Here's where it gets 12 step program real. I'm exhausted and HUNGRY, it's usually 6pm and I still have an hour commute home (give or take 20 min). So now the struggle is on, I try to have an apple or large cup of water to curb my appetite, but that's not always helpful. So now I'm seriously obesssssssing over food. I want to stop SO badly at some fast food place and sneak a fatty treat. I think about it the whole time. Some days I even get off the freeway with the intent to get something, then I'll talk myself down and get home without incident. But I still have to get the kids, who have already eaten so now it would be so easy to get something fast. Do I do it? I'm driving home with the kids and the whole time they're telling me their stories of the day I'm thinking, "should I just stop?" the temptation is so strong but I struggle through. Last Friday I succumbed to the temptation but one day out of three weeks isn't so bad. Before I started this I was stopping almost every night and feeling like crap about myself so I would shove food in my face since I didn't care. When I sit at home I'm always thinking about food, trying to be all casual about it but it's always on my mind. When we go out somewhere it's always a struggle not to stop and get a meal, I just try think about what I have at home and how quick it would be to make something. For example, I didn't get home until 8am tonight and I  wanted to get some food so badly. I was so close and just resisted. Then I was going to just have cereal then I decided I deserved more so I made some steamed veggies and pasta. I know it was late and you shouldn't eat late but I would rather eat something healthy late than a fatty meal. I felt so great about myself :) Weekends are so hard, I think about food and struggle with food for 18 hours a day for two straight days. It's exhausting!

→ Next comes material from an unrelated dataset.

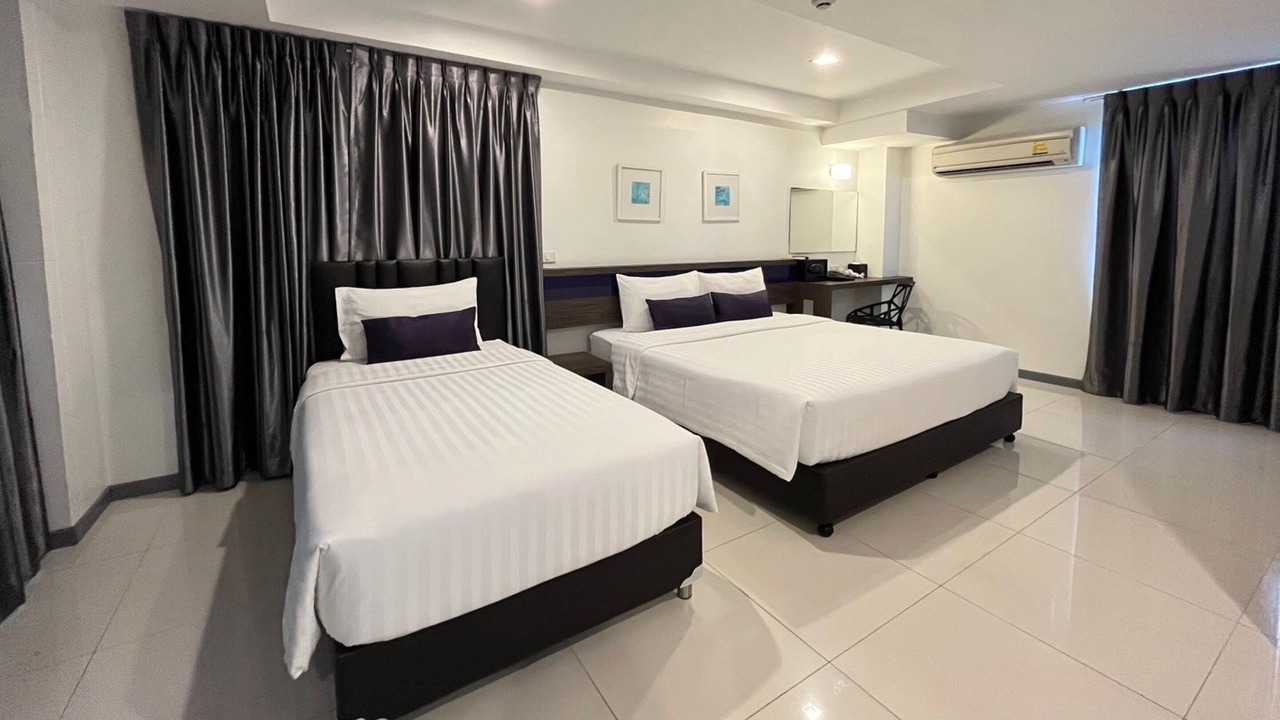 Photo of Bedroom in Thanon Phaya Thai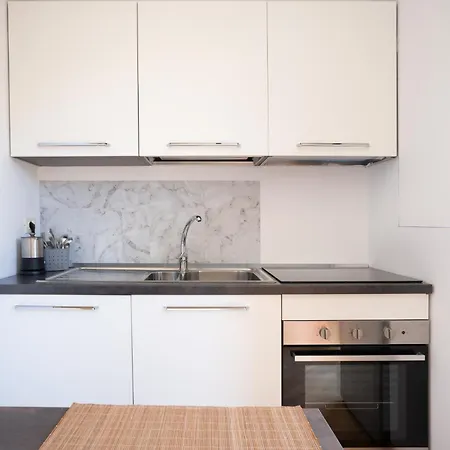 Habitat 825 - Free Parking Apartment *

Why am I telling you all this? Because I think it's important for people to really understand what a struggle losing weight is for a fat person. It's hard for everyone, I know, but I think for a fat peson it's easier to convince yourself it's never going to work because you always go back to bad habits and it seems like such an endless, unreachable goal.  It feels like I'm an alcoholic who's trying to stay sober. I know I have to change my ways and it's not just going to be with food, it has to be psychological too, otherwise it won't work. I also wanted you to read this so you can turn to the person in your life who you know has struggled with weight or even yourself and give yourself a serious pat on your back. No matter what you weight loss goal or history is you're fighting your worst enemy (yourself) to get to your goal. You don't need to feel shame for struggling with food, the more you embrace it the easier it is to give yourself a break for being an addict. I'm not saying it's OK for me to be this way so I don't have to even try, I'm just saying it's OK for me to struggle, I'm human and I'm doing my best. My name is Sabrina and I'm a food addict. I struggle every day to keep myself on the healthy path. Some days I slip up but I don't let that get me down. When I slip I don't spiral, I don't allow myself to feel shame, I take a deep breath and tell myself that I'm going to do better next time. Last Friday I only had a burger, I didn't do the whole meal, now that's a BIG deal for me. I still made my points work and I held my head high. Even though Weight Watchers makes changing easier, it's still a struggle every. single. day.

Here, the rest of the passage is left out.